HiT-SR: Hierarchical Transformer for Efficient Image Super-Resolution
Xiang Zhang, Yulun Zhang, Fisher Yu
TL;DR
This work tackles the efficiency and receptive-field limitations of transformer-based image super-resolution (SR). It introduces HiT-SR, a hierarchical transformer framework that uses expanding hierarchical windows to capture multi-scale features and long-range dependencies, coupled with a spatial-channel correlation (SCC) module that achieves linear complexity with window size. By converting popular SR transformers (SwinIR-Light, SwinIR-NG, SRFormer-Light) into HiT-SR variants, the approach delivers improved SR quality with fewer parameters and faster inference, achieving about a 7x speed-up over baselines while preserving or enhancing accuracy. The combination of hierarchical window design and SCC enables scalable, efficient utilization of large receptive fields, establishing new state-of-the-art results across standard SR benchmarks and scales.
Abstract
Transformers have exhibited promising performance in computer vision tasks including image super-resolution (SR).

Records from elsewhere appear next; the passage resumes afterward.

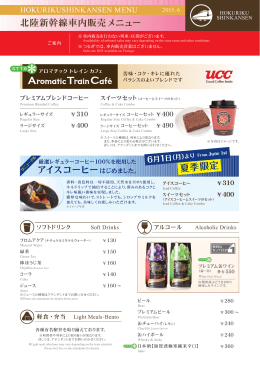 アイスコーヒー 夏季限定 北陸新幹線車内販売メニュー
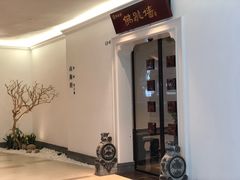 门面-郑春發佛跳墙(三迪中心店)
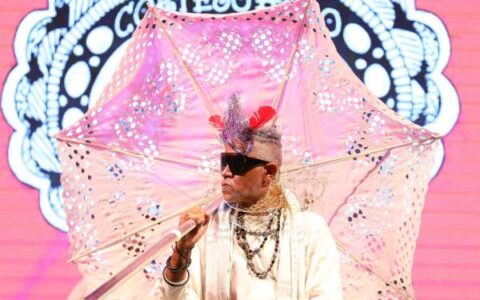 Imagem do post Cortejo Afro recebe Márcio Victor e Araketu em ensaio de verão na segunda-feira (20)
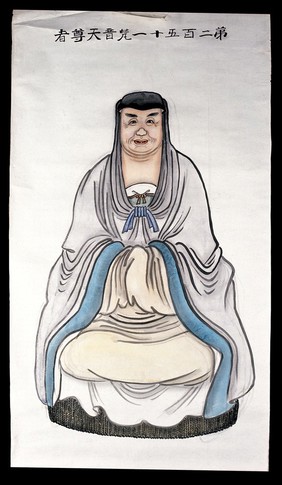 A man or deity. Watercolour attributed to a Chinese painter.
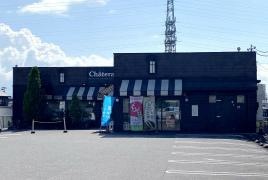 シャトレーゼ　富山堀川店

However, popular transformer-based SR methods often employ window self-attention with quadratic computational complexity to window sizes, resulting in fixed small windows with limited receptive fields. In this paper, we present a general strategy to convert transformer-based SR networks to hierarchical transformers (HiT-SR), boosting SR performance with multi-scale features while maintaining an efficient design. Specifically, we first replace the commonly used fixed small windows with expanding hierarchical windows to aggregate features at different scales and establish long-range dependencies. Considering the intensive computation required for large windows, we further design a spatial-channel correlation method with linear complexity to window sizes, efficiently gathering spatial and channel information from hierarchical windows. Extensive experiments verify the effectiveness and efficiency of our HiT-SR, and our improved versions of SwinIR-Light, SwinIR-NG, and SRFormer-Light yield state-of-the-art SR results with fewer parameters, FLOPs, and faster speeds ($\sim7\times$).